__Task statement__
Give back exactly the lines of the material below that start at the one holding "Floral print A-line midi dress" and end at the last line, minus the pictures.

__Data extract__
● ● ●
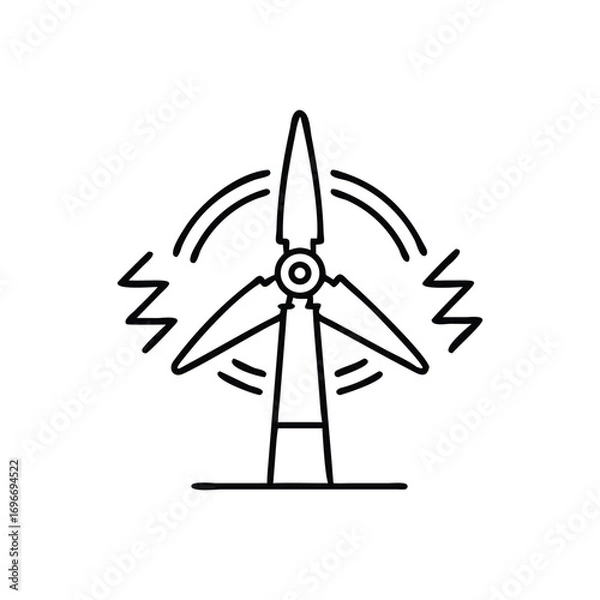 Obraz Wind Turbine Energy Line Icon Vector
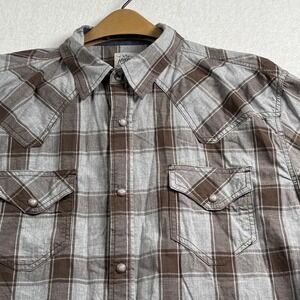 Moon Shine Pearl Snap Mens XL Plaid Gray Brown Long Sleeve‎ Shirt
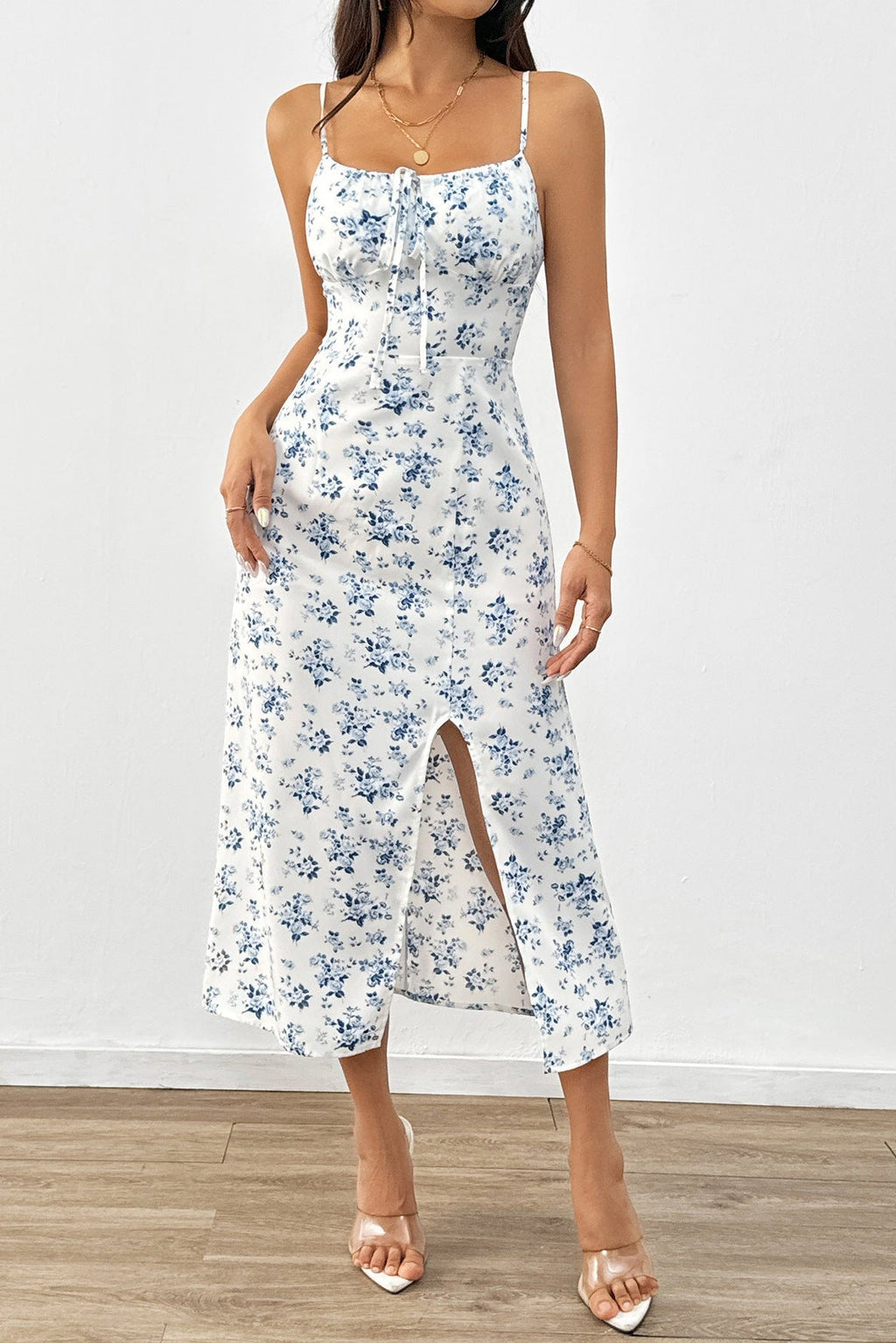 Floral print A-line midi dress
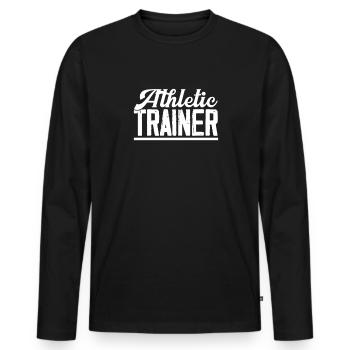 Sports Physician - Men's Premium Organic Long Sleeve Shirt - black - Front - Nico (187cm)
● ● ●
__Written response__
 Floral print A-line midi dress
 Sports Physician - Men's Premium Organic Long Sleeve Shirt - black - Front - Nico (187cm)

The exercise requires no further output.